* **What to produce**: Print out every line of the listing below without alteration.
[[ Supplied data, beginning ]]
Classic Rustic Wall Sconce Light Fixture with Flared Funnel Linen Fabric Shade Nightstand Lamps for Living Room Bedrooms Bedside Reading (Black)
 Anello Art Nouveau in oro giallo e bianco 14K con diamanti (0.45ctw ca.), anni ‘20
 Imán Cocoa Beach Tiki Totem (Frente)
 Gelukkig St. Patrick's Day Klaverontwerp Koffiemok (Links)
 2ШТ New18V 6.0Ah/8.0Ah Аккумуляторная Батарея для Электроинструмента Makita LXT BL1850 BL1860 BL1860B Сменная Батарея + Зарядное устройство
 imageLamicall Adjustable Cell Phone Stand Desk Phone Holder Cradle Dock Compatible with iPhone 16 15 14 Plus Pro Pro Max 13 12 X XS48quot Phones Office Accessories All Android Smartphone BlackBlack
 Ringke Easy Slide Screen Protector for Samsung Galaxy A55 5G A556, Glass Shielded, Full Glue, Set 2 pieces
[[ Supplied data, end ]]
* **Result for this task**:
Classic Rustic Wall Sconce Light Fixture with Flared Funnel Linen Fabric Shade Nightstand Lamps for Living Room Bedrooms Bedside Reading (Black)
 Anello Art Nouveau in oro giallo e bianco 14K con diamanti (0.45ctw ca.), anni ‘20
 Imán Cocoa Beach Tiki Totem (Frente)
 Gelukkig St. Patrick's Day Klaverontwerp Koffiemok (Links)
 2ШТ New18V 6.0Ah/8.0Ah Аккумуляторная Батарея для Электроинструмента Makita LXT BL1850 BL1860 BL1860B Сменная Батарея + Зарядное устройство
 imageLamicall Adjustable Cell Phone Stand Desk Phone Holder Cradle Dock Compatible with iPhone 16 15 14 Plus Pro Pro Max 13 12 X XS48quot Phones Office Accessories All Android Smartphone BlackBlack
 Ringke Easy Slide Screen Protector for Samsung Galaxy A55 5G A556, Glass Shielded, Full Glue, Set 2 pieces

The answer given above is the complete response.